I was a PlayStation 2 gamer, recently. Before that, a PlayStation gamer. I left Nintendo
after the GameCube emerged, mostly because the GameCube had precious little in the way of games, as far as I was concerned, and PlayStation had a lot more to offer. Then the Xbox 360 came out and, again, games won out. Well, that and the decreased expense of the 360 over its Sony rival at the time, but still.
Now with a new generation comes what is for many gamers that new choice: Sony or Microsoft? Nintendo sometimes factors in, sometimes doesn't, but the big choice seems to be those two when it comes to console gaming. And Sony is offering up a downright impressive slate of, well, everything.
First, the PlayStation 4 is $100 cheaper than the Xbox One. That's a big consideration for a lot of folks as wallets are a bit strained in the face of a bad economy like the kind that's been going on for some time now.
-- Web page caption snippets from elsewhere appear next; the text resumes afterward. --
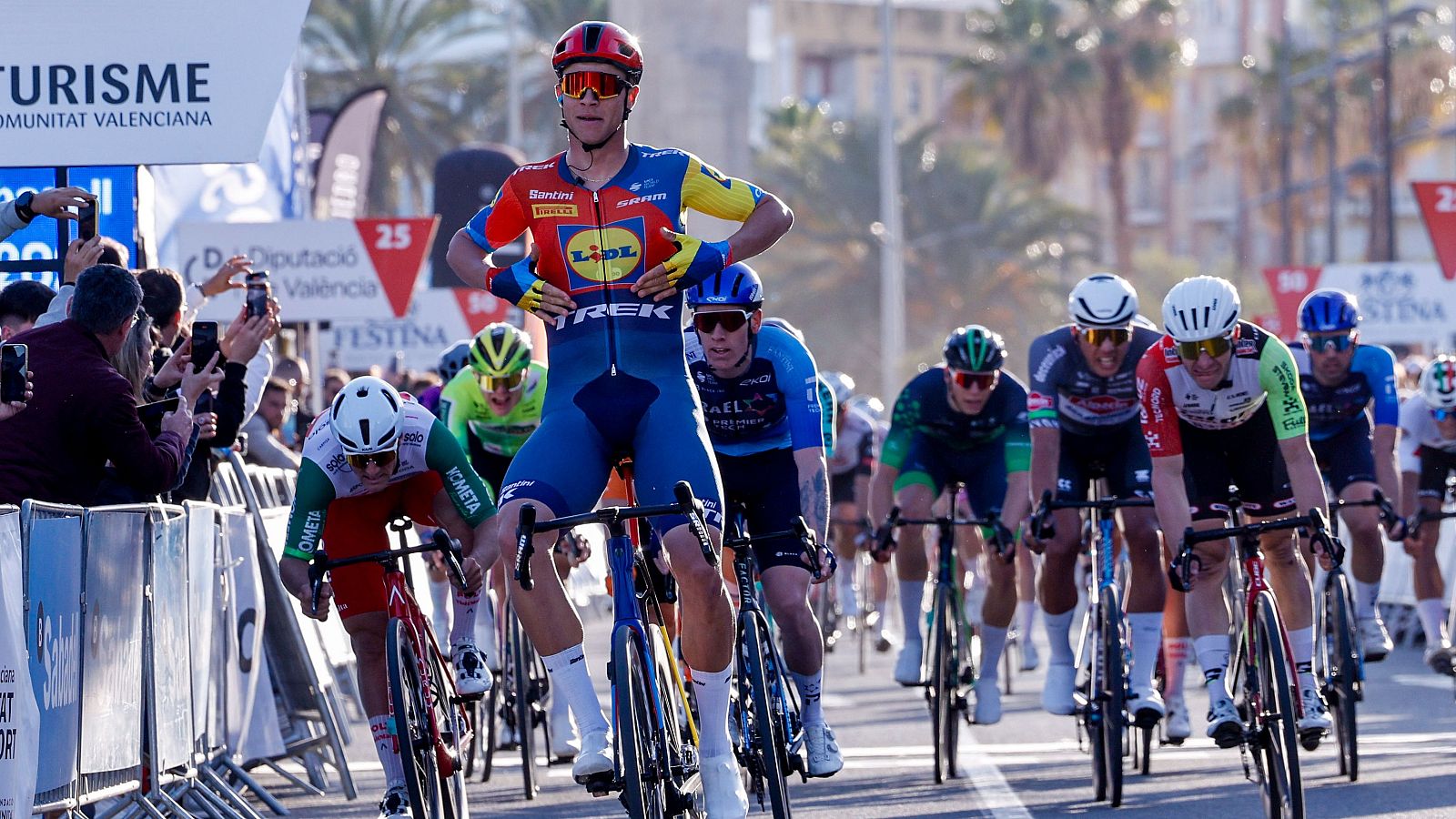 Milan gana en la última etapa de la Volta a la Comunitat Valenciana - Ciclismo | Ver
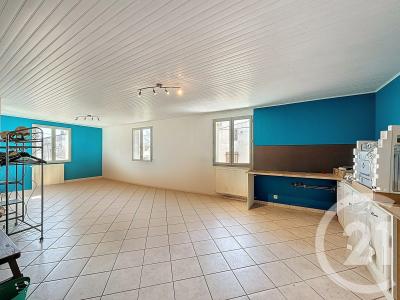 Perignat Sur Allier, Auvergne 63800, Pháp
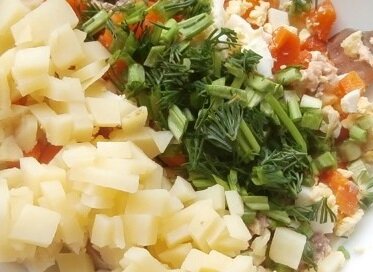 Салат из консервированного лосося, пошаговый рецепт с фото на 237 ккал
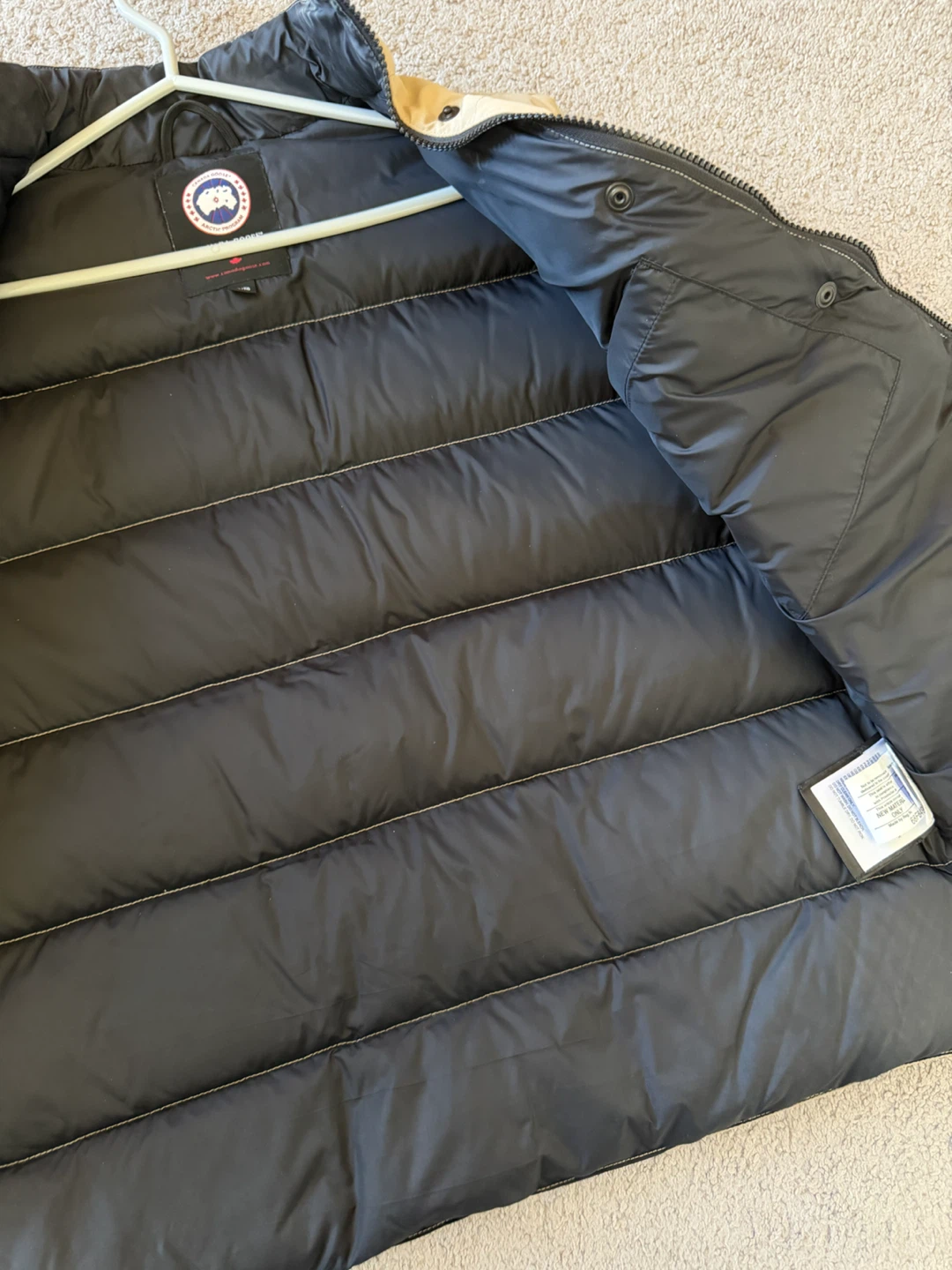 Canada Goose Vest - photo 2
Second, Sony made a lot of hay out of its claim that used games will work, and no online connection will be required, on the PlayStation 4, and that's likely giving plenty of gamers pause. Microsoft's complex trading scheme doubtless left many gamers puzzled, and puzzled customers don't buy in as often as customers with a clear idea of what they want.
Third, there was the issue of games. While Microsoft had an excellent showing on this front, bringing in the "Dead Rising 3" exclusive--which was a coup, no two ways about it--Sony doesn't look to have much trouble on that front, between games like the next "Final Fantasy" installment, "Killzone: Shadow Fall," "DriveClub," and a host of others. The addition of Warner Interactive's "Mad Max
" title as well as a real game-changer--so to speak--from Zenimax in an exclusive console port of "The Elder Scrolls Online" certainly throws a bit of extra punch into an already impressive lineup. Sony at last report expects better than 100 games released in the first year of the PlayStation 4, and that's before the issue of Gaikai access to PlayStation 3 games gets involved. While that won't be running immediately, it's certainly a reason to look at it all over again.
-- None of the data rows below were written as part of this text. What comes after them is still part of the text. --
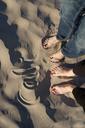 california-beach-feet-man-woman-277295.jpg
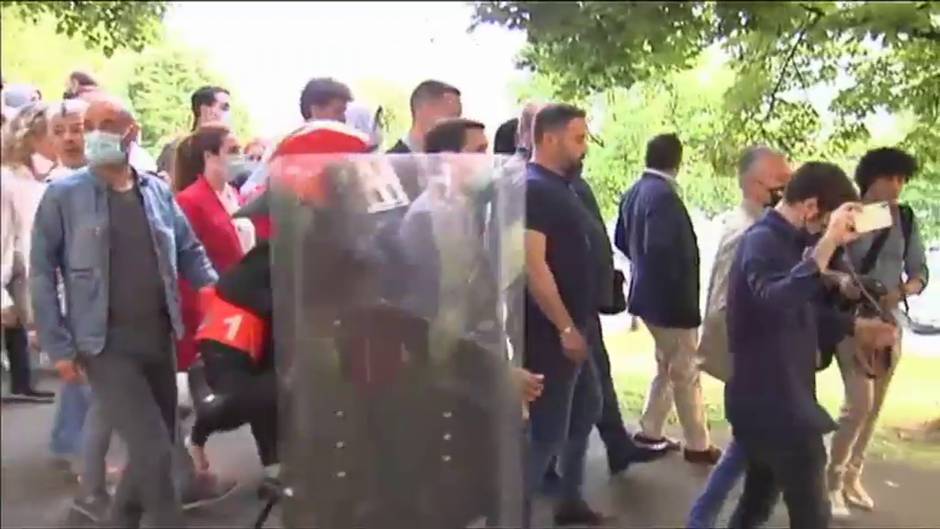 Abascal, escoltado por la Ertzaintza al término de su mitin en Sestao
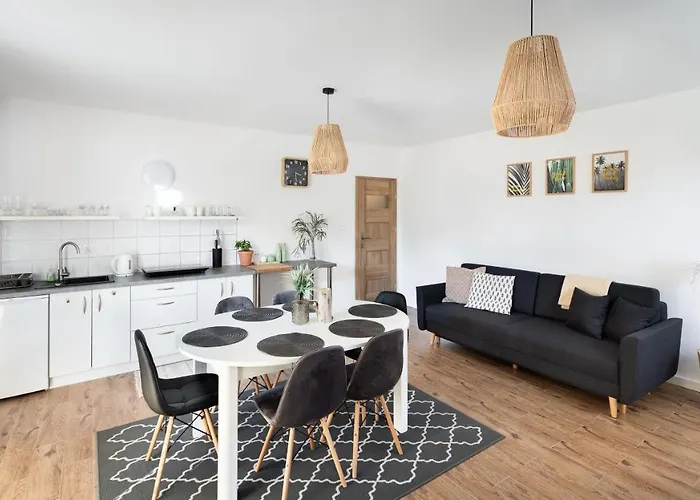 ホームステイ Dom Latarnika ヤロスワビエツ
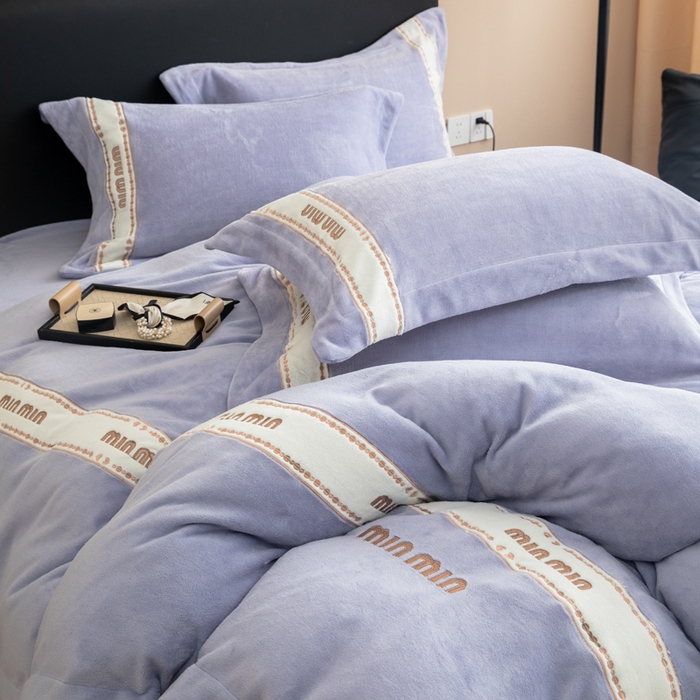 91家纺网 家纺一手货源 找家纺 懒猫家纺 2025新款刺绣贴布绣牛奶绒四件套-珍妮 珍妮-巴黎紫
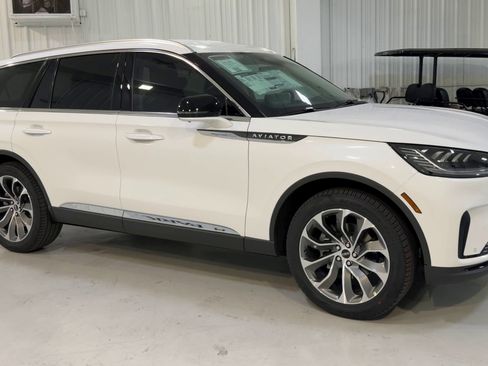 New 2026 Lincoln Aviator AWD image 3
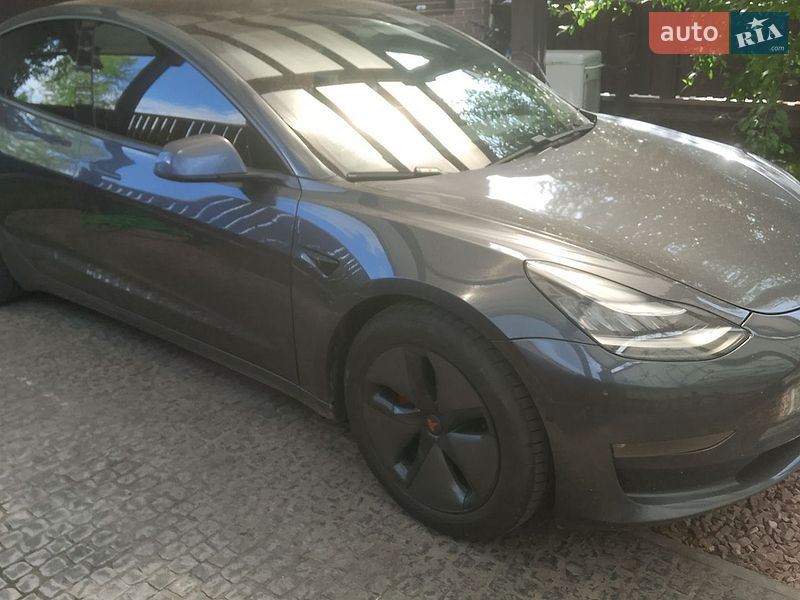 Седан Tesla Model 3 2019 в Києві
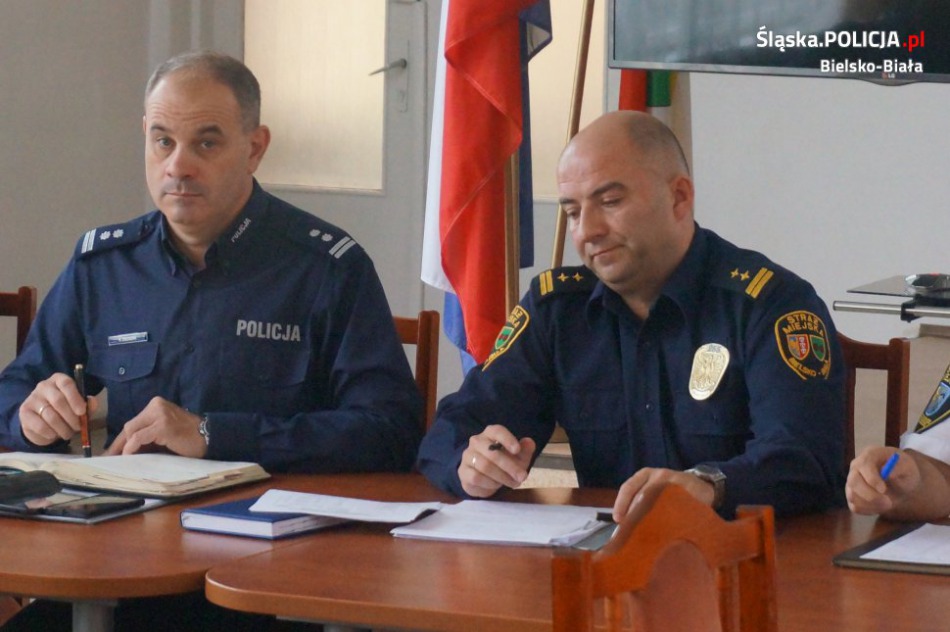 Policjanci szkolą strażników - foto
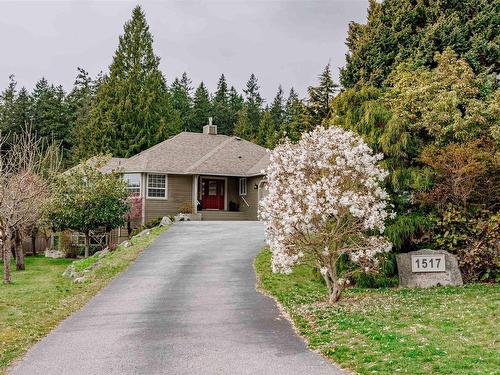 1517 Islandview Drive, Gibsons, BC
It's that last that has me the most on edge. If Zenimax is offering exclusives to Sony, then where will the next round of "Elder Scrolls" hit? If the online version is already staying there, who's to say the next one won't be an exclusive either? And what of the next "Fallout" installment?
That's a lot of reasons to take a close look at Sony in terms of the next few years of gaming. Sure, Microsoft is making a good case for itself as well, a case that largely starts with "Dead Rising 3" and works its way outward from there, but that may be the kind of thing to come later. Checking out some of the comments sections on the various gaming blogs out there certainly suggests that public opinion is on Sony's side on this one. Sony has the clear need to win; it desperately needs a chain of hits to make up for protracted losses sufficient to at least look like they prompted the sale of entire office buildings.
Either way, this is going to be a positively epic round of console wars, and Microsoft looks like it will be starting from a very bad position.